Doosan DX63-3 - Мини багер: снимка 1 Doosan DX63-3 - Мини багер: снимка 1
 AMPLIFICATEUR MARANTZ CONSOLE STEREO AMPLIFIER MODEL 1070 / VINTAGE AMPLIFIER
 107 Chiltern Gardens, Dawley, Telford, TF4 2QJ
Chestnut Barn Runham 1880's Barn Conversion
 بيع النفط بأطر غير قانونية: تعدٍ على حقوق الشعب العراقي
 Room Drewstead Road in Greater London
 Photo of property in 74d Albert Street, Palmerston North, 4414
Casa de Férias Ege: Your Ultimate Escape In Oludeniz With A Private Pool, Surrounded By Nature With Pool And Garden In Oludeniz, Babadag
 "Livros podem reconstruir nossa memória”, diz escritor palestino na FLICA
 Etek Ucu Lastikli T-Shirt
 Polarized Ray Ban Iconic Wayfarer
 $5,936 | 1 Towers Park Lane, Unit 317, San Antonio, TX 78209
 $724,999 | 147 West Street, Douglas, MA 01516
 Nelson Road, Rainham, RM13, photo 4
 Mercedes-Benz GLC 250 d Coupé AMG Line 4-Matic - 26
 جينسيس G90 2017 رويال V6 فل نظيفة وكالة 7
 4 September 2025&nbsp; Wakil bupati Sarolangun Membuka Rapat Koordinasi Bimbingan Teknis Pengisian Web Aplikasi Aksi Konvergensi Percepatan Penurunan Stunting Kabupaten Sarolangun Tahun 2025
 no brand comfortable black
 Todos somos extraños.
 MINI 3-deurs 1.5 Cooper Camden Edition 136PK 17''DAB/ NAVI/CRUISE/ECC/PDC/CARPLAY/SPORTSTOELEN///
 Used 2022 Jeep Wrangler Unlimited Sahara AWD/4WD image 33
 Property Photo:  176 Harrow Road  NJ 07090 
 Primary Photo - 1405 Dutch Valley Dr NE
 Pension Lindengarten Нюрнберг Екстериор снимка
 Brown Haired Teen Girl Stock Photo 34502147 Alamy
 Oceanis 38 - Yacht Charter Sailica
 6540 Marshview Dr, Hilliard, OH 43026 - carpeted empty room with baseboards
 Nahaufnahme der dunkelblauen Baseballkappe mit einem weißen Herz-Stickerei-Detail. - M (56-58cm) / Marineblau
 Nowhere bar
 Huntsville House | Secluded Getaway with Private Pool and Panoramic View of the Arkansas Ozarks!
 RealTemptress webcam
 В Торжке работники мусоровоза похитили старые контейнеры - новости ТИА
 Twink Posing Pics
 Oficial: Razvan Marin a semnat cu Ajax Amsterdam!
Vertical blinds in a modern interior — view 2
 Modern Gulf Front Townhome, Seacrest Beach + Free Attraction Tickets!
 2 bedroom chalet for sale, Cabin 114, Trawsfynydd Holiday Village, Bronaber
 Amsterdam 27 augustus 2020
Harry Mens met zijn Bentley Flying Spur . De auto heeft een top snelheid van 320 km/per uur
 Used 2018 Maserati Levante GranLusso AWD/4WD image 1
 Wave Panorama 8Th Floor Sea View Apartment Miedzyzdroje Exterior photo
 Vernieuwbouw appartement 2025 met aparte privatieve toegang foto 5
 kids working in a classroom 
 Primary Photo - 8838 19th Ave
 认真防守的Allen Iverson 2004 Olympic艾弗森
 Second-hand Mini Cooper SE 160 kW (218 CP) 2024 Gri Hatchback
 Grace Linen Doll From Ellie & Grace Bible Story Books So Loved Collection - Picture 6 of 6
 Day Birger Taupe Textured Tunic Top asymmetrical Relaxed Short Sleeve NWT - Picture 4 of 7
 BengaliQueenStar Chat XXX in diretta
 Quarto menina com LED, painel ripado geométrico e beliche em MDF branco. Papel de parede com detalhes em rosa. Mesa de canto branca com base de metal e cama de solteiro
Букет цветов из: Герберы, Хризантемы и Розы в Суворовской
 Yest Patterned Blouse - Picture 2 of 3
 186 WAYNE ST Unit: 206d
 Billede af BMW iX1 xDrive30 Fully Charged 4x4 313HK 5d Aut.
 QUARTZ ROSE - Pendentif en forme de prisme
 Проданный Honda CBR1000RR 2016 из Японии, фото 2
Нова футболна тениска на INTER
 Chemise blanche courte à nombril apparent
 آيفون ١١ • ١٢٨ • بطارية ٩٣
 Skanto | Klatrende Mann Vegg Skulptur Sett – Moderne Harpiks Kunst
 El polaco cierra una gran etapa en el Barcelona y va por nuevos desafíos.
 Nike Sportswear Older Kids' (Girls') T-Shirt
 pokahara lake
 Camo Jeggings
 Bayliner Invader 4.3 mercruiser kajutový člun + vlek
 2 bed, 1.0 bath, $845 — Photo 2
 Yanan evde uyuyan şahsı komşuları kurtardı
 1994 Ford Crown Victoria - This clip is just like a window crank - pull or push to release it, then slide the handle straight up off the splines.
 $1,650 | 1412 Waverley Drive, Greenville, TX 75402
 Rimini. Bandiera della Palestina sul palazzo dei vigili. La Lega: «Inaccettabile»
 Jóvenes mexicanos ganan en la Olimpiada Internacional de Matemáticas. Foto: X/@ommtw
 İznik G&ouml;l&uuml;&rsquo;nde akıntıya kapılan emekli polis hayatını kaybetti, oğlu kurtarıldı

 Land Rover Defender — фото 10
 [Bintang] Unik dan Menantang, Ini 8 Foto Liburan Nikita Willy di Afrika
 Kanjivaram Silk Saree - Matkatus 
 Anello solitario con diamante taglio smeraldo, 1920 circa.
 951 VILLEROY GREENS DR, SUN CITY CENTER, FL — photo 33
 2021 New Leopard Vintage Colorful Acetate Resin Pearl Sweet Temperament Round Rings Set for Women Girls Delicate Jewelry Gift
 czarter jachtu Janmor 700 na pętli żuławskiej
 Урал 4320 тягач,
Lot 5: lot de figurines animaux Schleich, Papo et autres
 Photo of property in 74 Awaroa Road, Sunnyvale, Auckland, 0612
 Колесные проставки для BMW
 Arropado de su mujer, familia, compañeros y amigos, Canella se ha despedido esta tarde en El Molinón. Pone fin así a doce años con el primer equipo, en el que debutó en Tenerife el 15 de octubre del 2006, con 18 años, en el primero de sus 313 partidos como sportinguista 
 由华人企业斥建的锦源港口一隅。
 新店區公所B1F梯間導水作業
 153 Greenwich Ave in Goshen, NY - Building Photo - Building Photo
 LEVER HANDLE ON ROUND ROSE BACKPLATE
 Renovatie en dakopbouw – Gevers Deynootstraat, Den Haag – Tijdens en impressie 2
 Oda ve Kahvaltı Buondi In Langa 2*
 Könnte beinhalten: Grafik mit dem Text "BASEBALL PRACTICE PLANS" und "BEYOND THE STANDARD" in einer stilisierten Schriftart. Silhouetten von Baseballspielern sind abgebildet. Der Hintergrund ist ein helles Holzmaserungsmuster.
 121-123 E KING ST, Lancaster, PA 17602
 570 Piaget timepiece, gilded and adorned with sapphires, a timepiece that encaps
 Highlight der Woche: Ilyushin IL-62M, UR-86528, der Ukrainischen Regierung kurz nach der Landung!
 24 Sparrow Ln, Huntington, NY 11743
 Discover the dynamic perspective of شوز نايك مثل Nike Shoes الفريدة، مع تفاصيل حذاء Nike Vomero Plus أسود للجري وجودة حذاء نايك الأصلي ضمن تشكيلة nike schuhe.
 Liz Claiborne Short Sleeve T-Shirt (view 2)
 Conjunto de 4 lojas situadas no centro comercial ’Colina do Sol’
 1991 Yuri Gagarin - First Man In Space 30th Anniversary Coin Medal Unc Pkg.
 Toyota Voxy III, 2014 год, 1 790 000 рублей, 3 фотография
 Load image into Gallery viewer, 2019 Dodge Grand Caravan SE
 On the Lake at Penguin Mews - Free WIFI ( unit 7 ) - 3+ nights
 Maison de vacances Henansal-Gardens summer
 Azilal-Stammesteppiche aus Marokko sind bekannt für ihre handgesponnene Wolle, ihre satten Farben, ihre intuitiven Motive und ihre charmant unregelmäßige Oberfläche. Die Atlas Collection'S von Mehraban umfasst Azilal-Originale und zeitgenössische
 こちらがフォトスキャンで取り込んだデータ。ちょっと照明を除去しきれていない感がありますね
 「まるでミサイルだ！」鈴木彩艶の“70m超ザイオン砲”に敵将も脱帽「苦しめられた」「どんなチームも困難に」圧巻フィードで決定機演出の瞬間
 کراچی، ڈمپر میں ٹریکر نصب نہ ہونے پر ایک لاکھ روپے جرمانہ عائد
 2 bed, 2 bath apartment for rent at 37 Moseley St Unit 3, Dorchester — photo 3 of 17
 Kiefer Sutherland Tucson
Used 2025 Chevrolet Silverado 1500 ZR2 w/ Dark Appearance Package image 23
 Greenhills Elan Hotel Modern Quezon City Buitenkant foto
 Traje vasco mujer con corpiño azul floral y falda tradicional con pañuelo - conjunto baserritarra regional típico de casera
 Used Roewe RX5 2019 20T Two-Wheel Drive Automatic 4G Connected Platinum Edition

○ ○ ○ ○ ○

INSTRUCTIONS FOR THE TASK:
From the entries above, print the lines beginning at the one with "Todos somos extraños." and stopping after the one with "آيفون ١١ • ١٢٨ • بطارية ٩٣", exactly as written and with nothing else.

ANSWER TO THIS TASK:
 Todos somos extraños.
 MINI 3-deurs 1.5 Cooper Camden Edition 136PK 17''DAB/ NAVI/CRUISE/ECC/PDC/CARPLAY/SPORTSTOELEN///
 Used 2022 Jeep Wrangler Unlimited Sahara AWD/4WD image 33
 Property Photo:  176 Harrow Road  NJ 07090 
 Primary Photo - 1405 Dutch Valley Dr NE
 Pension Lindengarten Нюрнберг Екстериор снимка
 Brown Haired Teen Girl Stock Photo 34502147 Alamy
 Oceanis 38 - Yacht Charter Sailica
 6540 Marshview Dr, Hilliard, OH 43026 - carpeted empty room with baseboards
 Nahaufnahme der dunkelblauen Baseballkappe mit einem weißen Herz-Stickerei-Detail. - M (56-58cm) / Marineblau
 Nowhere bar
 Huntsville House | Secluded Getaway with Private Pool and Panoramic View of the Arkansas Ozarks!
 RealTemptress webcam
 В Торжке работники мусоровоза похитили старые контейнеры - новости ТИА
 Twink Posing Pics
 Oficial: Razvan Marin a semnat cu Ajax Amsterdam!
Vertical blinds in a modern interior — view 2
 Modern Gulf Front Townhome, Seacrest Beach + Free Attraction Tickets!
 2 bedroom chalet for sale, Cabin 114, Trawsfynydd Holiday Village, Bronaber
 Amsterdam 27 augustus 2020
Harry Mens met zijn Bentley Flying Spur . De auto heeft een top snelheid van 320 km/per uur
 Used 2018 Maserati Levante GranLusso AWD/4WD image 1
 Wave Panorama 8Th Floor Sea View Apartment Miedzyzdroje Exterior photo
 Vernieuwbouw appartement 2025 met aparte privatieve toegang foto 5
 kids working in a classroom 
 Primary Photo - 8838 19th Ave
 认真防守的Allen Iverson 2004 Olympic艾弗森
 Second-hand Mini Cooper SE 160 kW (218 CP) 2024 Gri Hatchback
 Grace Linen Doll From Ellie & Grace Bible Story Books So Loved Collection - Picture 6 of 6
 Day Birger Taupe Textured Tunic Top asymmetrical Relaxed Short Sleeve NWT - Picture 4 of 7
 BengaliQueenStar Chat XXX in diretta
 Quarto menina com LED, painel ripado geométrico e beliche em MDF branco. Papel de parede com detalhes em rosa. Mesa de canto branca com base de metal e cama de solteiro
Букет цветов из: Герберы, Хризантемы и Розы в Суворовской
 Yest Patterned Blouse - Picture 2 of 3
 186 WAYNE ST Unit: 206d
 Billede af BMW iX1 xDrive30 Fully Charged 4x4 313HK 5d Aut.
 QUARTZ ROSE - Pendentif en forme de prisme
 Проданный Honda CBR1000RR 2016 из Японии, фото 2
Нова футболна тениска на INTER
 Chemise blanche courte à nombril apparent
 آيفون ١١ • ١٢٨ • بطارية ٩٣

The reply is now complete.